Artists find new space at Tamarind Tree Hotel

‘Refugees’ by Ngecha artists Chain Muhandi at National Museum
‘Refugees’ by Ngecha artists Chain Muhandi at National Museum. PHOTO | MARGARETTA WA GACHERU | NMG 

Perspective is everything. From one point of view, the city of Nairobi is filled with garbage. From another, Nairobi is filled with fine art. And the proof is all the new places as well as the more established ones that art lovers can visit and buy, especially on weekends.

The newest space that’s putting contemporary Kenyan art on display is the Tamarind Tree Hotel, a funky place situated just next door to the Carnivore and literally filled with photography, colourful murals and a spacious art gallery.

The group show was put together by Polka Dot Gallery and the freelance curator Kennedy Mugo.

The two brought together 20 local artists including everyone from junk artist Joan Otieno, Coster Ojwang’, Wycliffe Opondo, Nadia Wamunyu and David Maina to Alex Wainaina, Nelson Ijakaa and Patrick Kinuthia among others.

The exhibition was eclectic but enchanting in its diversity.

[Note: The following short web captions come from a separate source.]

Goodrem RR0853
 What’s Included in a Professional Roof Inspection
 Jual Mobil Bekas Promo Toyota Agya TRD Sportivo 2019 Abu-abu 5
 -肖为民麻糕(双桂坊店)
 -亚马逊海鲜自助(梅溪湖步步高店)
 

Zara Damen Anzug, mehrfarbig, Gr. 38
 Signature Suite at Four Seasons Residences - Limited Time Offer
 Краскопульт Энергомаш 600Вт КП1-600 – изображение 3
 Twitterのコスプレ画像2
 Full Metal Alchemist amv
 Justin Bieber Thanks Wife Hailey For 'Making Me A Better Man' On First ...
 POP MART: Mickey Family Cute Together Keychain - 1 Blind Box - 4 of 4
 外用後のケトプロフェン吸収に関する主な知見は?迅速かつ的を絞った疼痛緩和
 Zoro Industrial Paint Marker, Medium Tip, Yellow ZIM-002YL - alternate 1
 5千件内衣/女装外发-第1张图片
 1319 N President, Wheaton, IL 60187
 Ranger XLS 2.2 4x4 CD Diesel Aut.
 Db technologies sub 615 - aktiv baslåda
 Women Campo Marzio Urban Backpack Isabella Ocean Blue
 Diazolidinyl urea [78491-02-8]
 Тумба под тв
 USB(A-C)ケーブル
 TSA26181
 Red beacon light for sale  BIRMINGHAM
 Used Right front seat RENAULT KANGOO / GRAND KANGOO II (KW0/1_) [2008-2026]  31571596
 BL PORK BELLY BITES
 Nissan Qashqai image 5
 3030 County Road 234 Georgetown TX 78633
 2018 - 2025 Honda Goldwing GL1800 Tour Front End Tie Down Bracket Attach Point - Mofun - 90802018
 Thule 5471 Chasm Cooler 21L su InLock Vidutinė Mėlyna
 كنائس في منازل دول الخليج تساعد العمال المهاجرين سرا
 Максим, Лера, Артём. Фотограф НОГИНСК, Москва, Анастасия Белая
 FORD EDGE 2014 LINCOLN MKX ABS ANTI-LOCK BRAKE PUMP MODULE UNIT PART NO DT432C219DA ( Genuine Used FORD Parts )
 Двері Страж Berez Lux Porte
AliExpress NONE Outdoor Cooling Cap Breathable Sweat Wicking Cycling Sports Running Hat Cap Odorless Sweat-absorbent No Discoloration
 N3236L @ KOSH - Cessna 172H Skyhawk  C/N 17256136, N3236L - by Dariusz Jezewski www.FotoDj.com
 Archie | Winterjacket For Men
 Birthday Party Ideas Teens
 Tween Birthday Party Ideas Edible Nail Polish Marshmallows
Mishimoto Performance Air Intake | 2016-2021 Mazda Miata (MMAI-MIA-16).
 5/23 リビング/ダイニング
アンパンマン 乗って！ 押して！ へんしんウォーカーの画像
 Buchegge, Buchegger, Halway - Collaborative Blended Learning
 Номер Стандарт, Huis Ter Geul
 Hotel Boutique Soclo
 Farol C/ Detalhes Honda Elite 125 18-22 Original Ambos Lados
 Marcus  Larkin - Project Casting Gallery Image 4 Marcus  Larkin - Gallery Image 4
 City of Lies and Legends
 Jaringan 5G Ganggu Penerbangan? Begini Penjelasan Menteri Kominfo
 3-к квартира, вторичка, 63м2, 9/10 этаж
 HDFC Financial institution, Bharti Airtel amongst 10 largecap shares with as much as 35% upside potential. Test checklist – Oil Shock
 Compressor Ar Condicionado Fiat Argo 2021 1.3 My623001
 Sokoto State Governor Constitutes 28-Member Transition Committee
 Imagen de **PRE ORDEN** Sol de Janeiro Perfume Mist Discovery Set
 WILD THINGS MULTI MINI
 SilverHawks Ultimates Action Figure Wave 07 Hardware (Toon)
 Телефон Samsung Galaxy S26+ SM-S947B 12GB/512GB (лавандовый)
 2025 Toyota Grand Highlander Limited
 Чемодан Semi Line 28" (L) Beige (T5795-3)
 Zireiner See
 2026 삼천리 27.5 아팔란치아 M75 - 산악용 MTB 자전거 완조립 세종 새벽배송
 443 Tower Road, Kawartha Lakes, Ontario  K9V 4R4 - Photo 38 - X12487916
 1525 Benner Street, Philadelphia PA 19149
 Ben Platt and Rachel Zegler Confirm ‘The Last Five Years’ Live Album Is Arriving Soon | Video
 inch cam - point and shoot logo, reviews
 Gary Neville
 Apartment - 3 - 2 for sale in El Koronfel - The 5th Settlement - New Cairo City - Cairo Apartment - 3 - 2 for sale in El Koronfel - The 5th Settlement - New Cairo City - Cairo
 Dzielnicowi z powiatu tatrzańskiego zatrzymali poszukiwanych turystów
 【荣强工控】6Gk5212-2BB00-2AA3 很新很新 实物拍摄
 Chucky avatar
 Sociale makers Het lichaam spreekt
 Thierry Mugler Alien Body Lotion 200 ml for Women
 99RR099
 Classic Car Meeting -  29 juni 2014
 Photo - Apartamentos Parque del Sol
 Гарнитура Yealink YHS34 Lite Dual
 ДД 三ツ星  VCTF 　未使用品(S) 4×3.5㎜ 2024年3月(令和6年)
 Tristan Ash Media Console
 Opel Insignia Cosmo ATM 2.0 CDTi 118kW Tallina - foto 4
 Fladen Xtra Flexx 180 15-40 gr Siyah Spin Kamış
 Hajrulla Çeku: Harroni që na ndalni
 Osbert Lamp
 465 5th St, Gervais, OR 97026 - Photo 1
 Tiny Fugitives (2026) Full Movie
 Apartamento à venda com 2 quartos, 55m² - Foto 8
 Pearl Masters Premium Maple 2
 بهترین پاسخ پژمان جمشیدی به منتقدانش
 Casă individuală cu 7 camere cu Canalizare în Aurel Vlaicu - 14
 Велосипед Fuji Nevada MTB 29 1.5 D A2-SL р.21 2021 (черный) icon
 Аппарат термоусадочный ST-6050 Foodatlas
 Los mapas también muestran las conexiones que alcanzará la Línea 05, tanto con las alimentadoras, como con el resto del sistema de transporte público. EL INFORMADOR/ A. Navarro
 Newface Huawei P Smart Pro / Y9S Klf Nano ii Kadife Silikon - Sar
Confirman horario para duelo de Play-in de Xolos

The other brand new exhibition space is at Muthaiga Heights where Beta-Arts and Gloria Barasa are now showing more young rising stars.

Last weekend, Gloria with assistance from Emmaus Kimani of Brush tu Art Studio curated an outdoor exhibition on the balcony of the new flats. Artists featured included Abdul Kipruto, Evilidah Wasai, Leevans Linyerera, Munene Kariuki, Saad Lukwago and Wallace Juma.

Both Gloria and Emmaus have jumped into the art scene after having heard from many young artists that they need venues in which to share and potentially sell their art. The other relatively new art space, which has an opening tomorrow, is The Attic in Nyari.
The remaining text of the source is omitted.